Sarah Weinman’s The Real Lolita considers the real-life kidnapping of Sally Horner as a direct influence on Nabokov’s famous novel of obsessive romance and sexual abuse. Although Sally is mentioned by name in Lolita, Nabokov never acknowledged her case as having any serious bearing on the book, and The Real Lolita makes a compelling argument that this demurral is both specious and, in many ways, tragic.
By coincidence, I published a novel in June 2018 called Invitation to a Bonfire, inspired by Nabokov’s marriage to his wife, Véra, and the complicated power dynamic that existed between them as he rose to become a literary star. As a Nabokov fan and a true-crime obsessive, I was primed to admire The Real Lolita which explores the Nabokov marriage from a related angle, honing in on Vladimir and Véra’s collaboration over the writer’s image.

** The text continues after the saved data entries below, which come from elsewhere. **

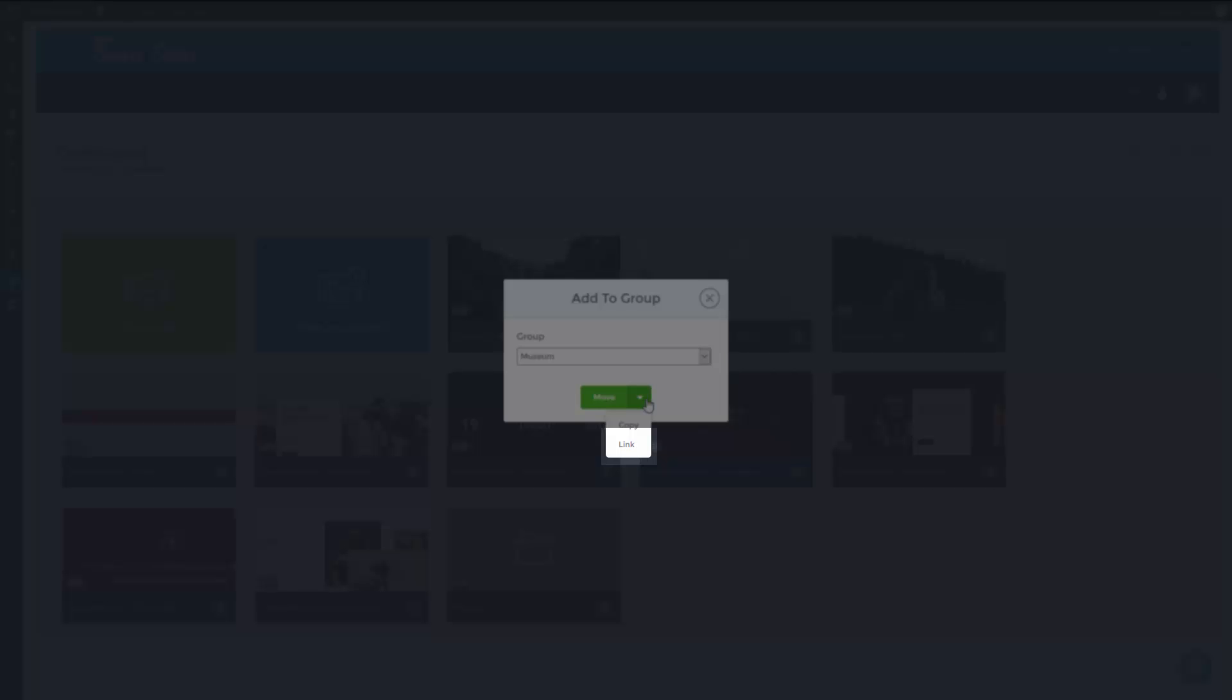Link - the sliders will be placed into the museum group and the very same sliders will stay on the dashboard too. So if you make changes on the slider, it will change in both places.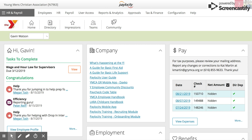Welcome to this training video on time and labor. This first video is going to show you how to create your employee group for payroll. This was formerly known in our previous software, Kronos, as a staff query.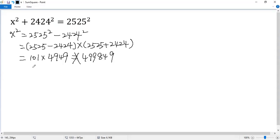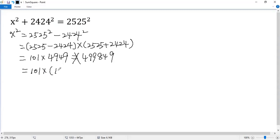Let's try to express the number as a perfect square. We write it as 101 times—we know 4949 is 101 times 49.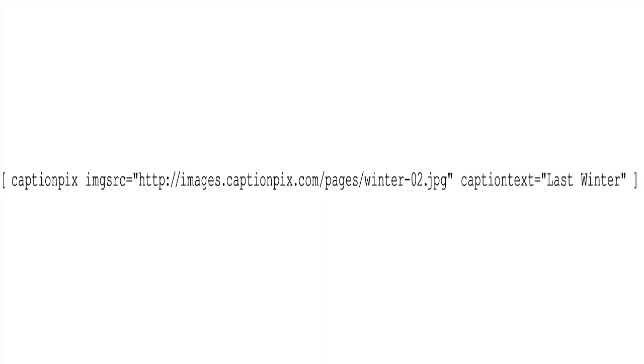Next, we have to tell CaptionPix which image we want to display. You need to supply an image URL. This could be on Amazon S3, in Flickr or Picasa, or in your WordPress media library.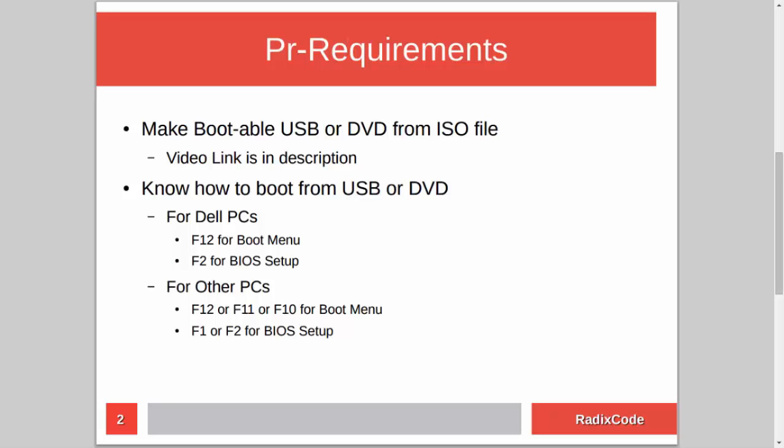For this, you have to know how to make a bootable USB or DVD from an ISO file. I already made a tutorial on this topic, so if you don't know how to do this, then please check out my video — I will add the link in the description.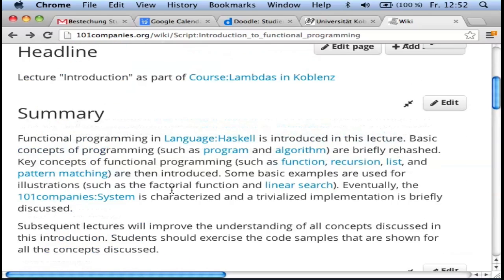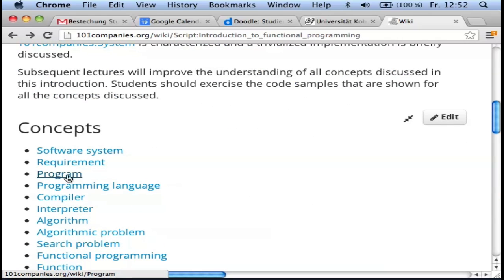Let's get a little bit simpler. In the end we deal with systems, which are potentially complicated architectures of communicating components. For example, when you use Facebook you have a client in your browser, and Facebook has tons of servers. Let's talk about programs — what is a program?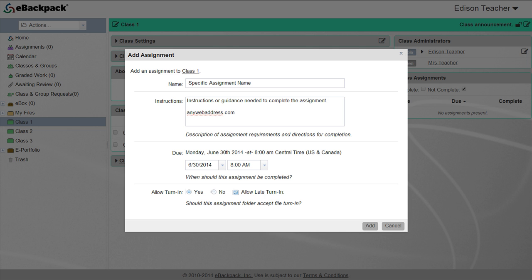Allow late turn-in allows students to turn in work after the set due date. All submissions are time-stamped so it is easy for teachers to know whether or not students turned in work on time. Late assignments will be marked with a red stamp that says late so you no longer have to keep track of who turned in work after the deadline.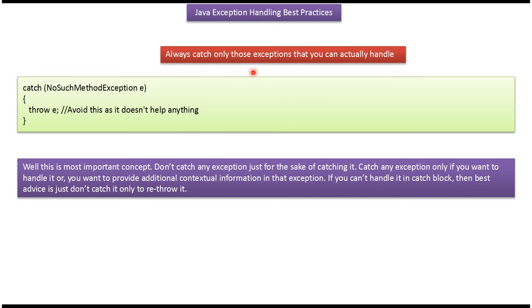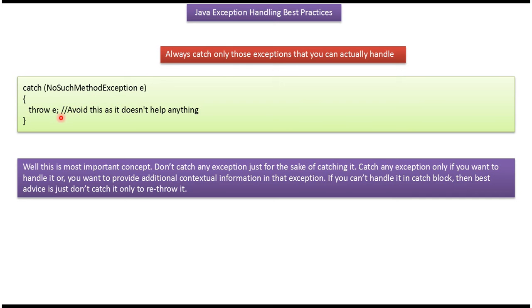Always catch only those exceptions that you can actually handle. Don't catch any exception just for the sake of catching it. Catch any exception only if you want to handle it, or you want to provide additional contextual information in that exception. Here we are catching NoSuchMethodException and throwing it back. This does not help anything. So avoid doing this.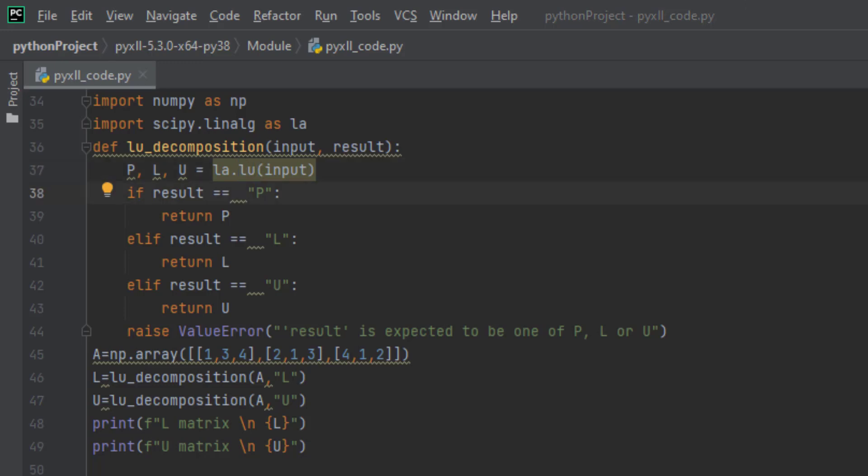Now we understand how to decompose a matrix using SciPy's LU decomposition function. We can now write our function that we will later use in Excel. It will take the input matrix as a 2D array of numbers and a second option to tell it which of P, L, or U to return.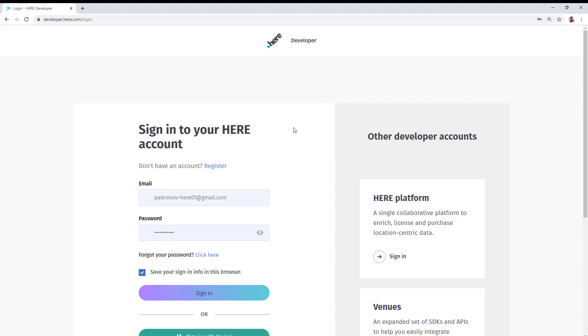But if you do, enter your credentials or they may already be there if that was your preference for sign in. Once you have your credentials, go ahead and sign in.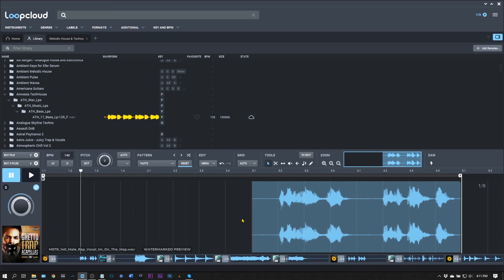Anyway, Joshua Casper here, boom, boom, boom. And I'll see you in the next LoopCloud power user tip tutorial.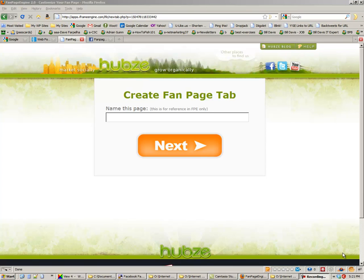Welcome to the next installment of the Facebook Fan Pages How To Series. This time we're going to talk about capturing contact information from your visitors and fans. The easiest way to do this on Facebook is through an iFramed tab where you use AWeber or Constant Contact or one of the many other autoresponders to build a form, build a list, and add that form to your fan page tab to collect email addresses and names.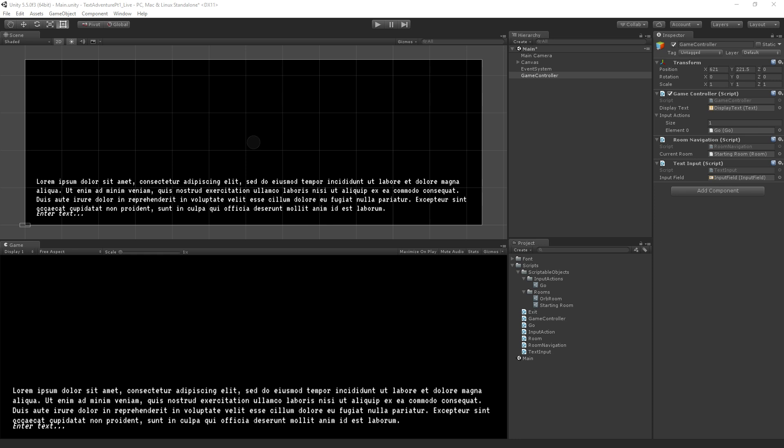But scriptable objects themselves are just a type of class. So we could use them as data containers or we can use them to store code here. The fact that we can store code into assets kind of allows us to build these architectures taking advantage of Unity's graphical inspector, where we can drag and drop different objects and allows us to kind of decouple things because we're going to do our coupling in the inspector.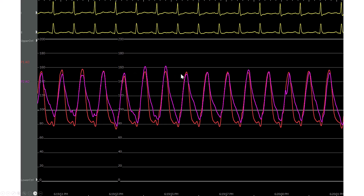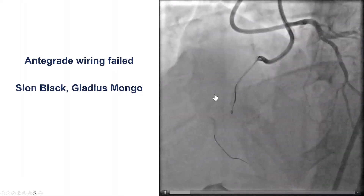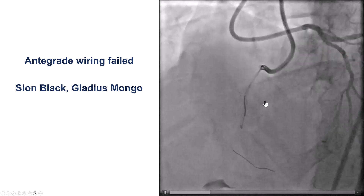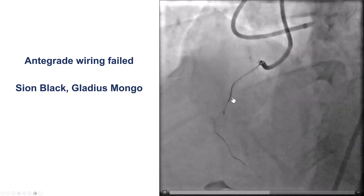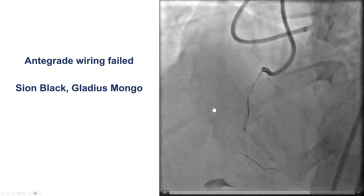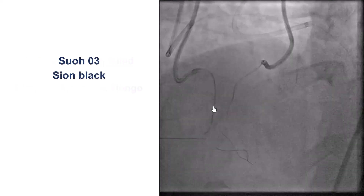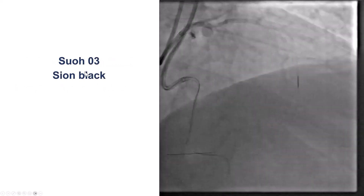The patient's hemodynamics were good at baseline with a systolic of 150-160 mmHg. We tried antegrade wiring, but we were unable to advance a wire past the proximal cap, and as a result we decided to try retrograde.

When Weinman’s book crossed my radar, it felt like fate — as if we were already in conversation, without ever having met.
Adrienne Celt: I was intrigued to learn you did graduate work in forensic science before becoming a full-time writer. For those of us who view that discipline through rosy, Dana-Scully-colored glasses, can you talk about what led you down that path, and whether you considered pursuing forensic science as a career? How does it influence your journalism today?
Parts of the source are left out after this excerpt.